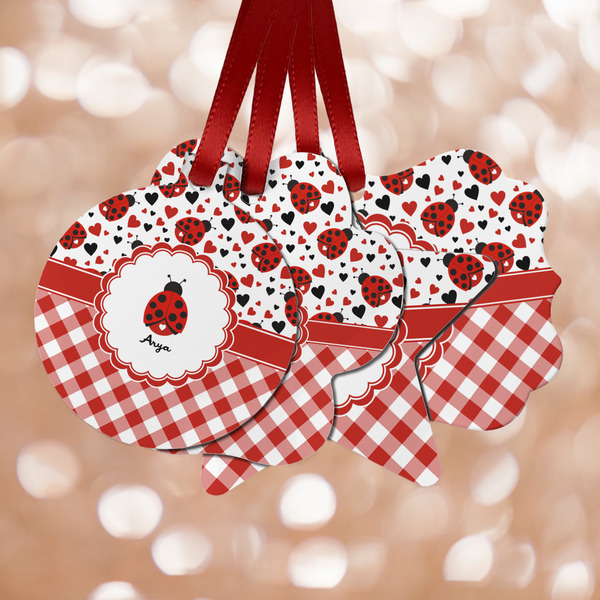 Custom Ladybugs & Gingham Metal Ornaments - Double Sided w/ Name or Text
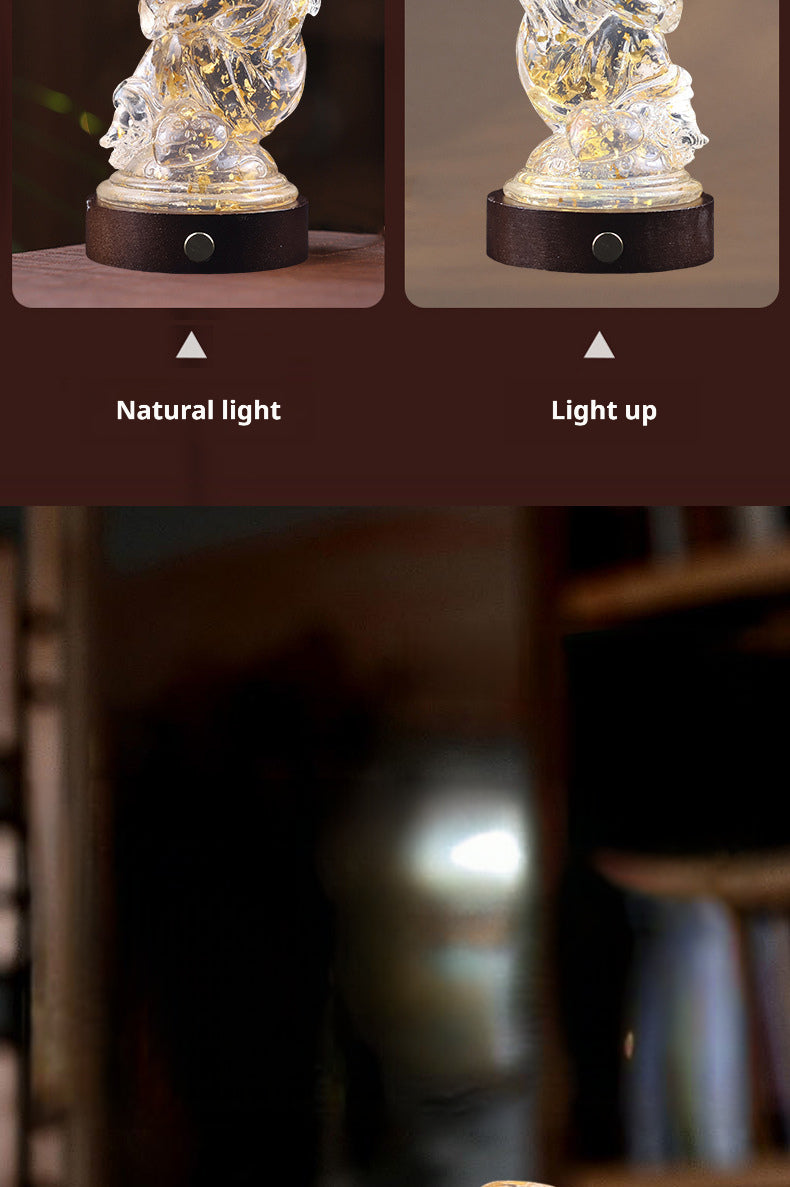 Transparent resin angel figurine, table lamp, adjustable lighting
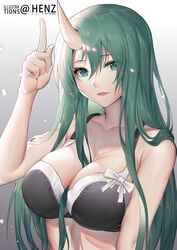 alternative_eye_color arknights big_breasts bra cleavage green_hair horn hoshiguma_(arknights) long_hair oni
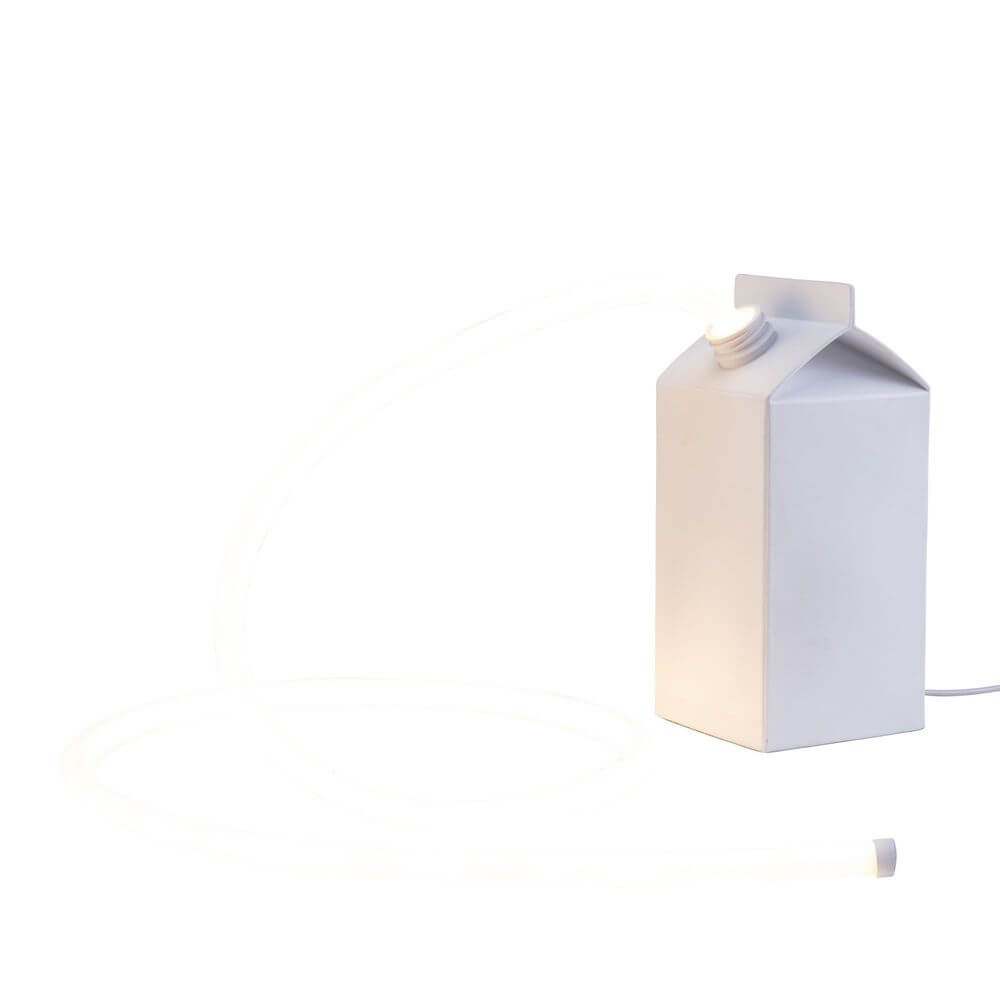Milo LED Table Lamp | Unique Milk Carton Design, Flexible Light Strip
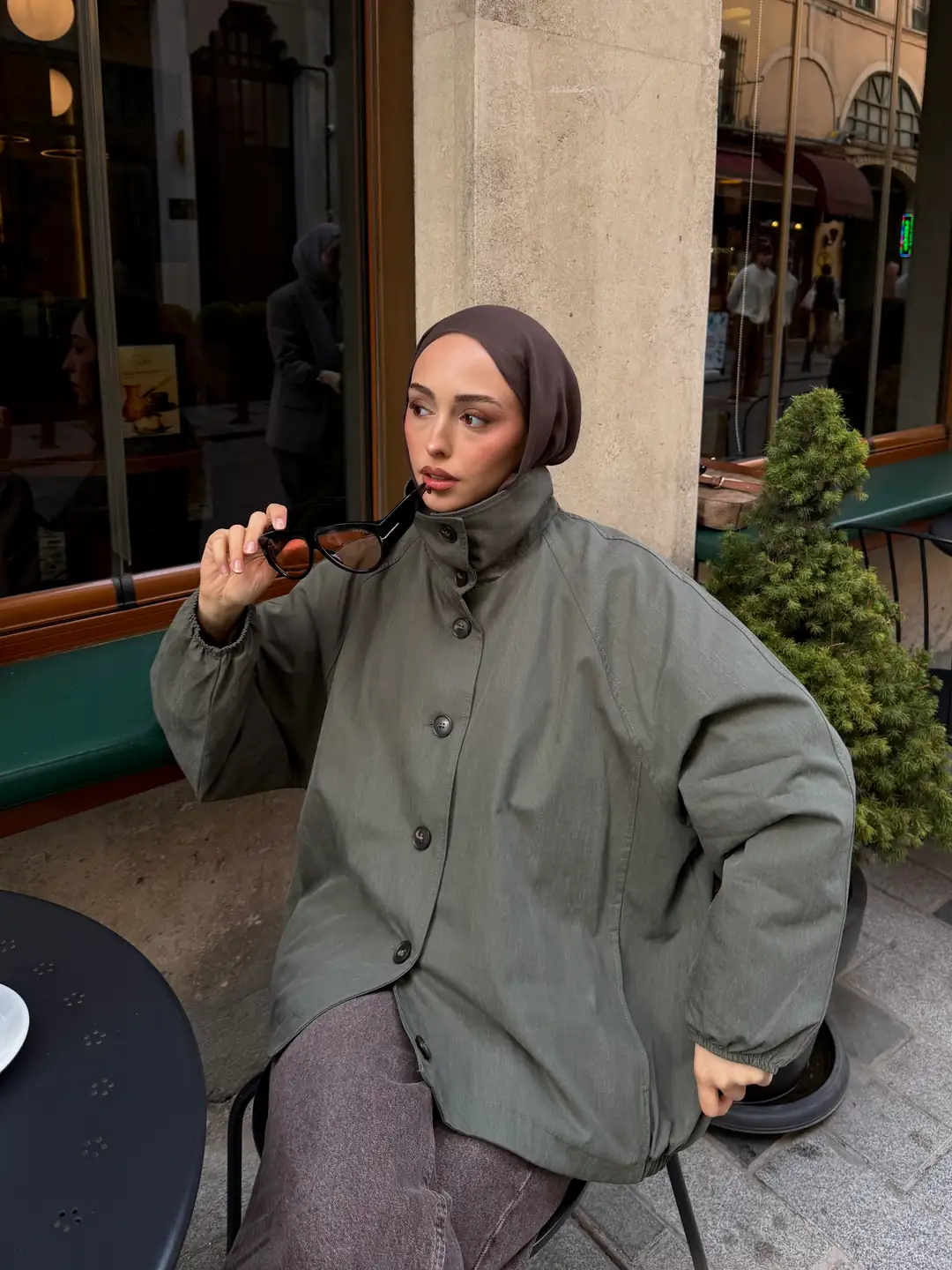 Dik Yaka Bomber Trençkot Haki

--

• **EXERCISE**
Each entry above is to be written out exactly. The pictures stay out.

• **THE COMPLETED TASK**
 Custom Ladybugs & Gingham Metal Ornaments - Double Sided w/ Name or Text
 Transparent resin angel figurine, table lamp, adjustable lighting
 alternative_eye_color arknights big_breasts bra cleavage green_hair horn hoshiguma_(arknights) long_hair oni
Milo LED Table Lamp | Unique Milk Carton Design, Flexible Light Strip
 Dik Yaka Bomber Trençkot Haki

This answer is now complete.